Delhi HC orders Bank Chairman to inquire attachment of wrong property on private detective agency report’s basis

Delhi HC orders Bank Chairman to inquire attachment of wrong property on private detective agency report basis and fix responsibility for negligent acts without due diligence and basic title research/inspection.


ABCAUS Case Law Citation:
ABCAUS 1280 (2017) (06) HC

Brief Facts of the Case:
As per record, Canara Bank, Lucknow branch had extended loan/financial facility to four persons as principal debtors/guarantor. On account of default, the branch initiated proceedings under the Recovery of Debts Due to Banks and Financial Institutions Act, 1993 (‘the Act’) at at the Debt Recovery Tribunal (DRT) at Lucknow. A name similar to the petitioner was among the four principal debtors/guarantors who were arrayed as debtors.

In DRT proceedings, in exercise of jurisdiction under sub-section 22 of Section 19 of the said Act, a certificate was issued ordering that the the bank branch was entitled to recover Rs. 12,00,099.48 together with pendente lite and future interest @ 19.25% per annum with quarterly rest from 19th January, 2000 till full realisation from the debtors. The certificate also permitted the Bank that in case the debt amount is not recovered from the sale of the “mortgaged and hypothecated properties”, then the bank would be entitled to recover the same “by selling the other personal assets/properties of the said debtors.

Having failed to recover the amount, the bank sought attachment of the property of the appellant . Based on this representation of the Bank, the Recovery Officer, DRT, issued a warrant of attachment attaching the said property towards recovery of the debt.

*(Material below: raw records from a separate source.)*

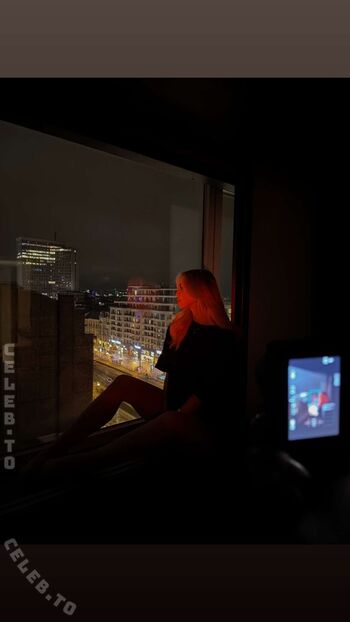 Full leaked Nika sofie private onlyfans photo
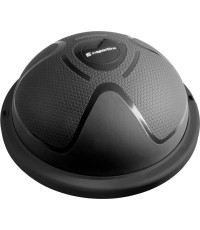 Балансировочный тренажер inSPORTline Dome Compact - Чёрный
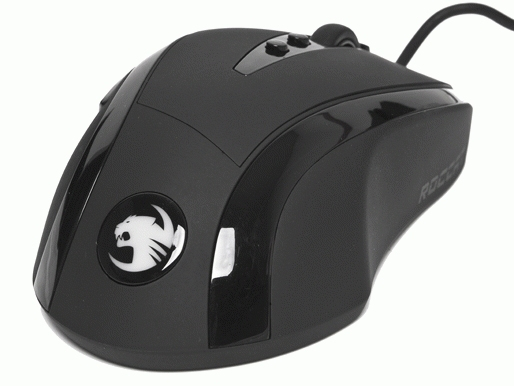 Turtle Beach Kone mouse USB Type-A Laser 800 DPI – image 4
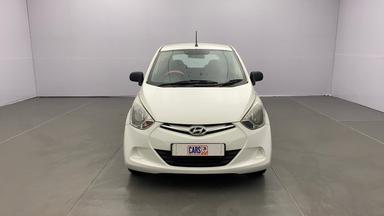 2013 Hyundai Eon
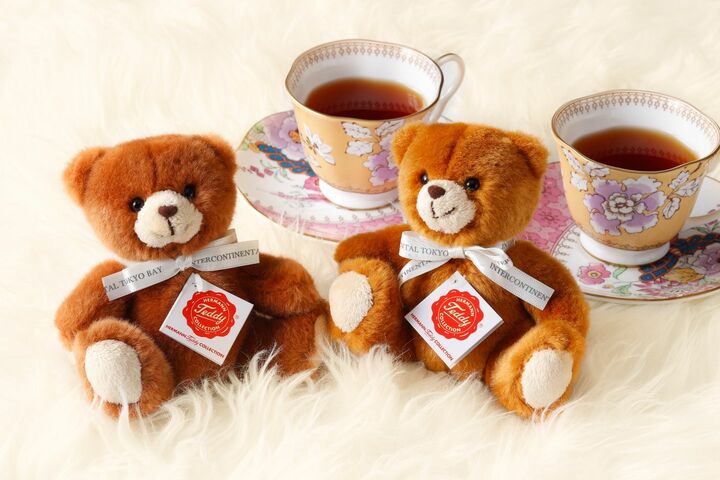 ティー_4,スイーツ_4,ホテル_4,東京_4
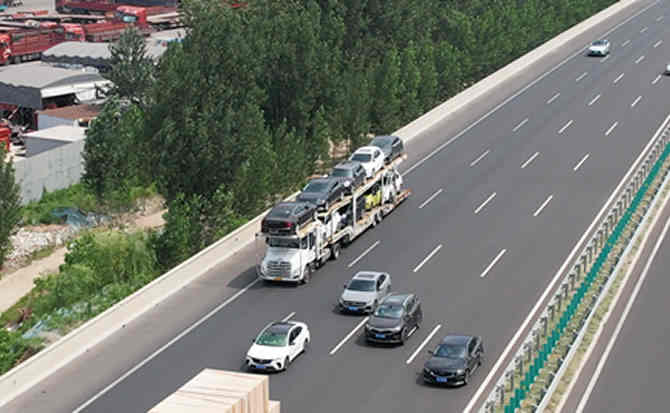 椒江区高速公路汽车救援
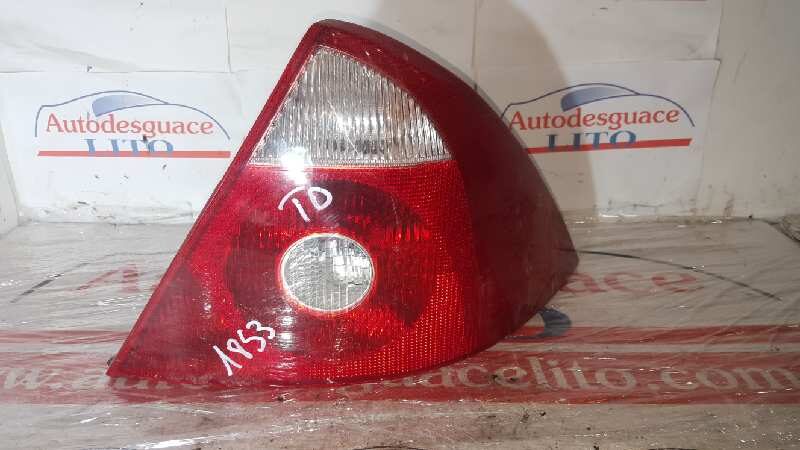 PILOTO TRASERO DERECHO FORD MONDEO BERLINA (GE) Futura (D)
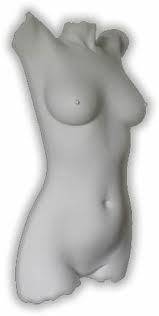 MouldYourBody's profile picture. Cast Your Body In Stone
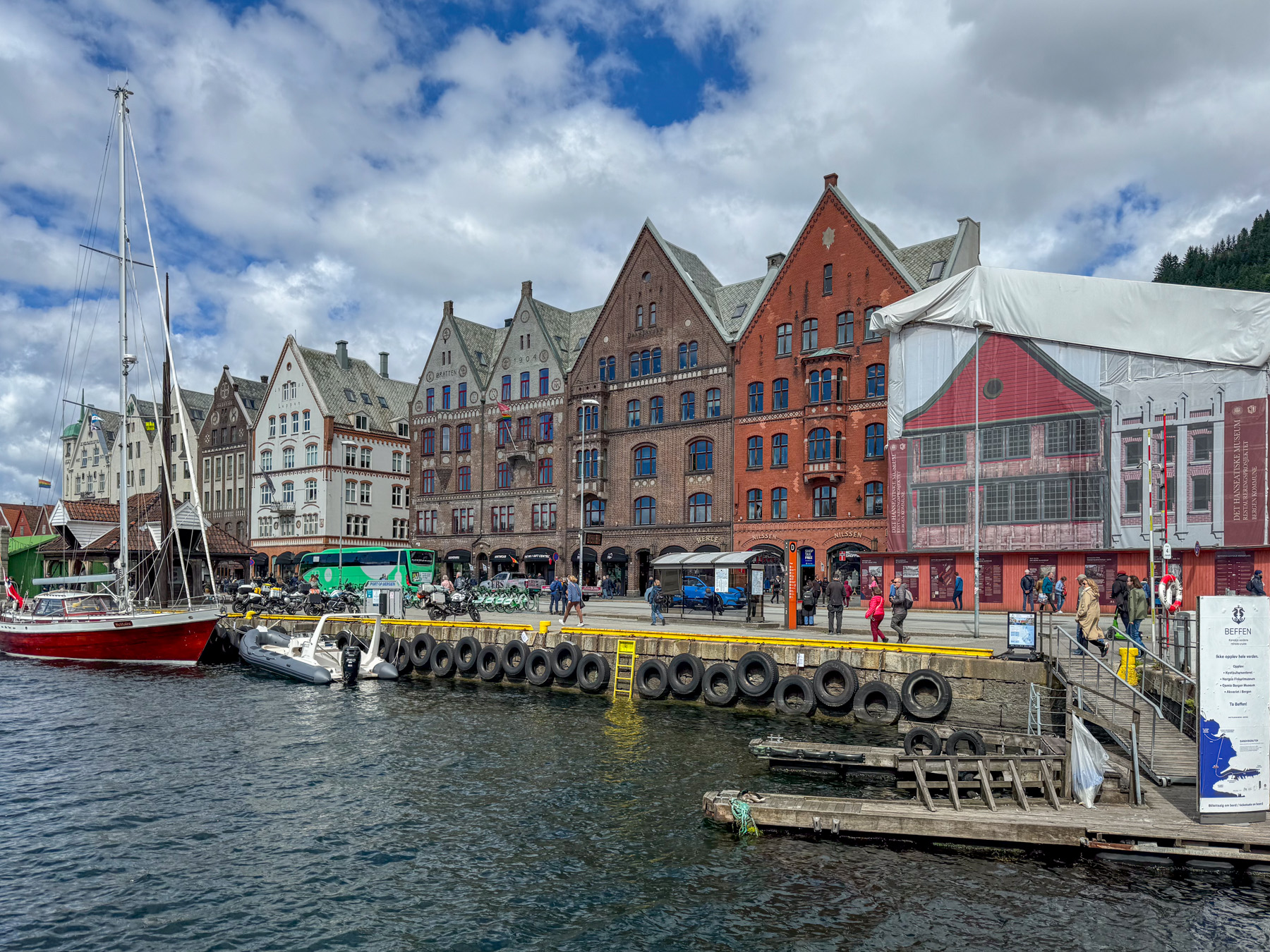 Bergen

The said warrant of attachment was executed by affixation at the said scheduled premises.

The petitioner who came to know of the attachment from banks action, filed objections against the order of attachment before the recovery officer of the DRT, Lucknow seeking vacation of the attachment and informing him that he had no connection at all with loan or the concerned party and that he had no financial dealings and had never been involved in any transactions with the Canara Bank. The petitioner had declared that he had also no connection with the person having a name similar to him who was one of the debtors to the respondent-Bank.

The petitioner disclosed the parentage and full details. He disclosed that the name of his father and wife was different. He made clear that he had no connection with the judgment debtor who had a name similar to him but had a totally different name of father and wife and also residing at a different place whereas the petitioner was a resident of Delhi.

However, the Bank filed no reply thereto. The Petitioner again additionally submitted a detailed representation to the Bank as well as to the Recovery Officer, DRT, Lucknow seeking relief which was also of no avail.

Feeling harassed, the petitioner had preferred the present writ petition before the Hon’ble Delhi High Court. The petitioner pointed out that the action of the Bank appeared to be deliberate and malafide in as much as they had diverted their entire energy into the attachment of the present petitioner’s property and thereby avoided recovery of any amount from the principal debtor and the real defaulters.

Regarding the banks public notice published in Financial Express acknowledging its mistake, the Hon’ble High Court regarded it a little solace and questioned whether a tiny publication in a corner of the Financial Express can restore the petitioner’s loss of reputation and compensate the petitioner’s loss of reputation and the humiliation which he would have suffered by the pasting of the order of attachment, its proclamation and its announcement using a loudspeaker-public addressal mode?

From the conduct of the bank, the Hon’ble High Court was satisfied that action of the Bank touted as a “mistake”, was not a genuine mistake but was a deliberate act which they have stood by even after they were put to notice that they had illegally attached the petitioner’s property. It was observed that evidently if the petitioner had not agitated before the Recovery Officer, the bank might have very well proceeded with the attachment and may have even sold the property.

The Hon’ble High Court awarded a compensation amount at the rate of Rs.15,000/- per month of the attachment period amounting to Rs. 2,62,500/- to the petitioner. Also, litigation costs quantified at Rs.1,00,000/- was also awarded to the petitioner.

However, the Hon’ble High Court noted that the present case was of utmost negligence on the part of the officials of the bank in proceeding against the property of the petitioner thereby permitting the debtors to go scot free risking the bank to financial loss.

According to the Hon’ble High Court, the present case was a fit case in which the bank was required to undertake an inquiry and fixes responsibility for the failure of its employees in ascertaining assets of the debtors as well as wrongly proceeding against the property of the petitioner without a careful due diligence and without conducting basic title research/inspection of property and municipal records.

Finally, the Hon’ble High Court issued a direction to the Chairman, Canara Bank to cause an inquiry to be conducted into the issues noted herein to fix the responsibility for the wrongful and negligent acts and omissions set out above and proceed in accordance with law against the person(s) found culpable.